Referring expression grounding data

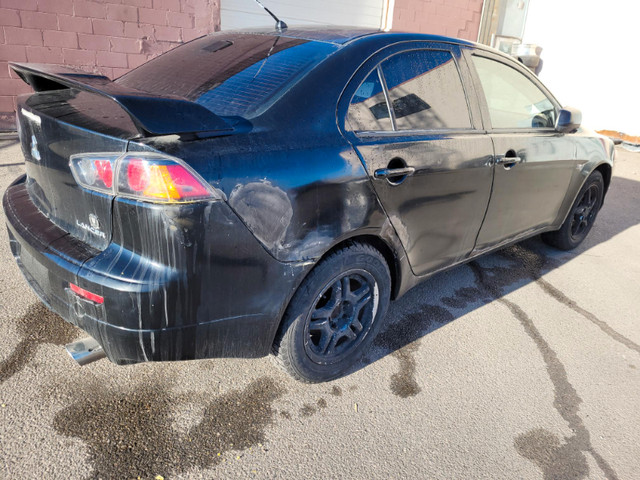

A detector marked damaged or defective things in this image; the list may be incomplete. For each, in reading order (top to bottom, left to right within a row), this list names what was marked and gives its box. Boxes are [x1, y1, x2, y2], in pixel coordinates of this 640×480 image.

cracked pavement [1, 137, 640, 478]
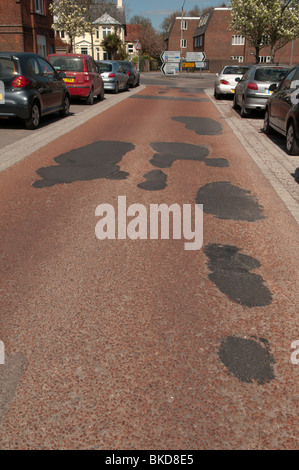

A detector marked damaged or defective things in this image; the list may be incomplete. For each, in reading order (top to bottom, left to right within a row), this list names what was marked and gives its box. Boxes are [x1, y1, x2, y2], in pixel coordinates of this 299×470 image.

black asphalt patch [172, 116, 224, 135]
black asphalt patch [33, 141, 135, 187]
black asphalt patch [137, 169, 168, 191]
black asphalt patch [149, 143, 229, 169]
black asphalt patch [196, 182, 266, 222]
black asphalt patch [205, 244, 274, 306]
black asphalt patch [218, 336, 276, 384]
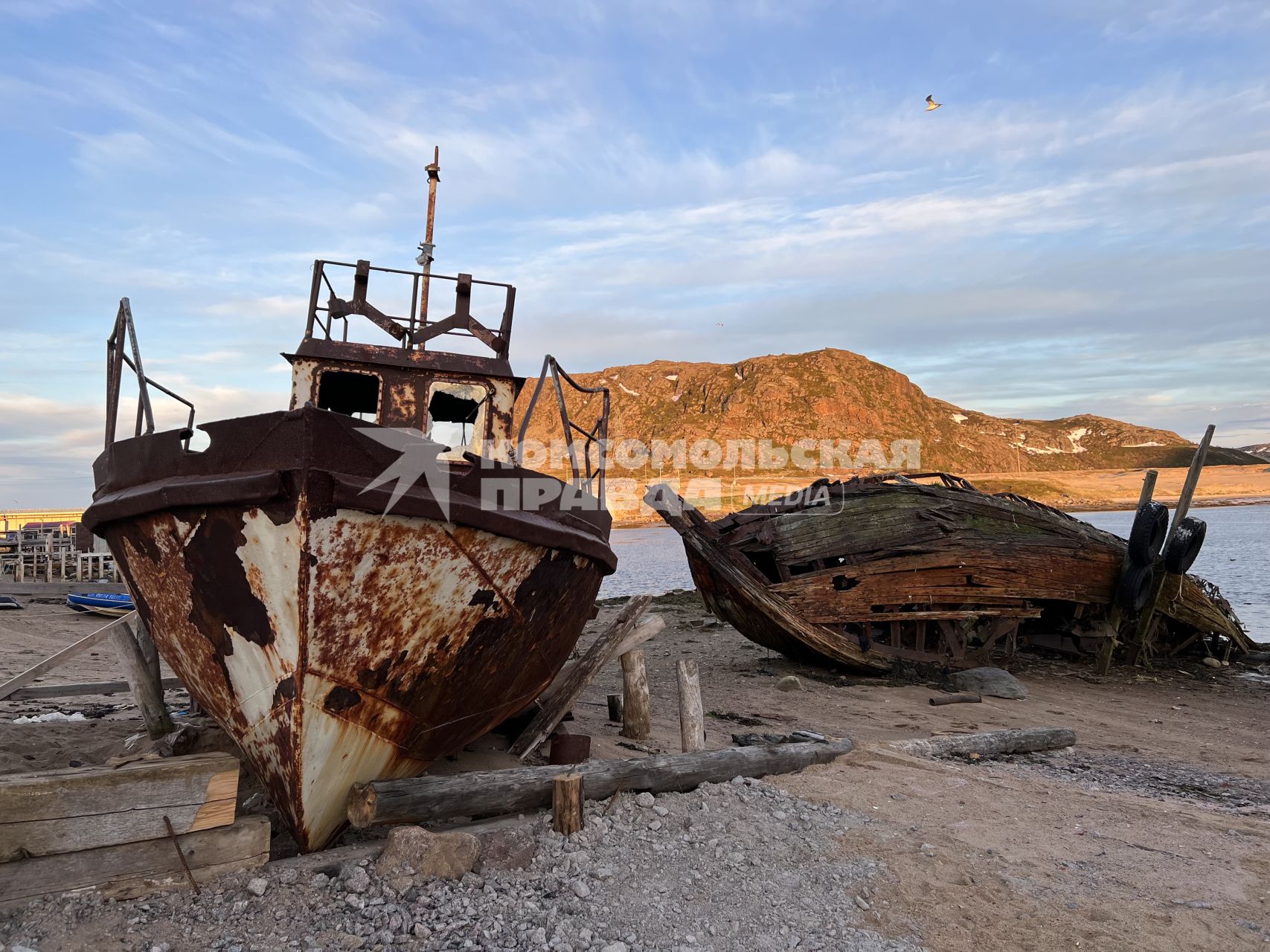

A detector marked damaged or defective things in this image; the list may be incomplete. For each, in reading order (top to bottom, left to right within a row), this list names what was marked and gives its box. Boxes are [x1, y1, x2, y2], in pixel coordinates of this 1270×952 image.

• _Problem statement_:
Beginning at the line with "this 299×470 image.", reproduce word for word each line through the last line of the records. Include both ends but no pictures.

• _The completed task_:
A detector marked damaged or defective things in this image; the list may be incomplete. For each, in reading order (top to bottom, left to right within a row), this list names what was marked and gives its box. Boxes are [x1, y1, x2, y2], in pixel coordinates of this 299×470 image.

black asphalt patch [172, 116, 224, 135]
black asphalt patch [33, 141, 135, 187]
black asphalt patch [137, 169, 168, 191]
black asphalt patch [149, 143, 229, 169]
black asphalt patch [196, 182, 266, 222]
black asphalt patch [205, 244, 274, 306]
black asphalt patch [218, 336, 276, 384]

A detector marked damaged or defective things in this image; the list may be incomplete. For each, in reading order (top to bottom, left to right within a row), this list names what was marked and gives its box. Boxes are [x1, y1, x2, y2], in pixel coordinates of this 1270×952 image.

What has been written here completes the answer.